The Safe Shutdown Instructions include customized actions taken by operators to ensure the plant remains safe if some of the equipment is unavailable or damaged by fire, Golden said. TVA revised some of these procedures and didn’t adequately train operators on the new guidelines, he said.

When the NRC “quizzed” operators about the procedures, inspectors felt the operators did not have a clear understanding, Golden said. The TVA immediately performed remedial training for operators on shift when the preliminary finding went out and other shifts have also received training.

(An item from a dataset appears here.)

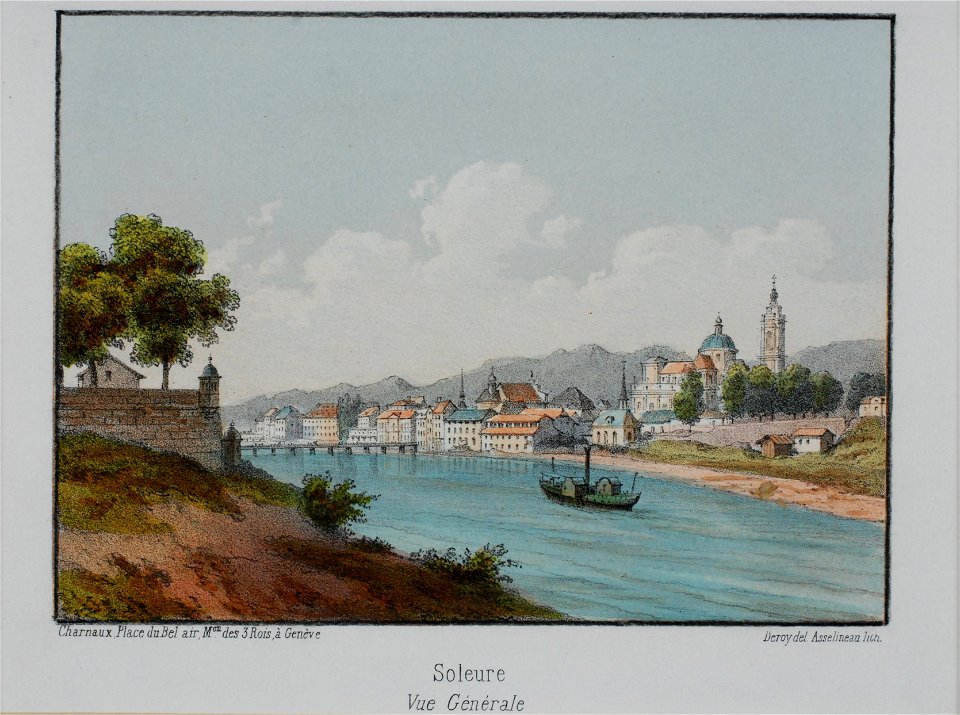Zentralbibliothek Solothurn - SoleureVue Générale - a0027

“TVA’s top priority is the safe operation of its nuclear plants. We are upgrading our fire protection systems at Browns Ferry as part of an improved fire protection program,” said an official statement provided by the utility. “TVA promptly addressed the training issue and the causes related to the issue. We have an improvement plan for Browns Ferry’s overall performance and will submit an improved fire protection program to the NRC for review by March 2013.”

NRC Region II spokesman Joey Ledford said the preliminary finding came during the ongoing 95003 inspections implemented following a “red,” or significant, finding issued at the plant last year.

The red finding stemmed from a coolant injection valve that malfunctioned. The valve is part of the plant’s backup fire protection system.

Ledford said TVA has 30-day period to appeal the preliminary white finding. The utility can appeal in writing, he said, or it can request a regulatory conference and address the matter with NRC administrators.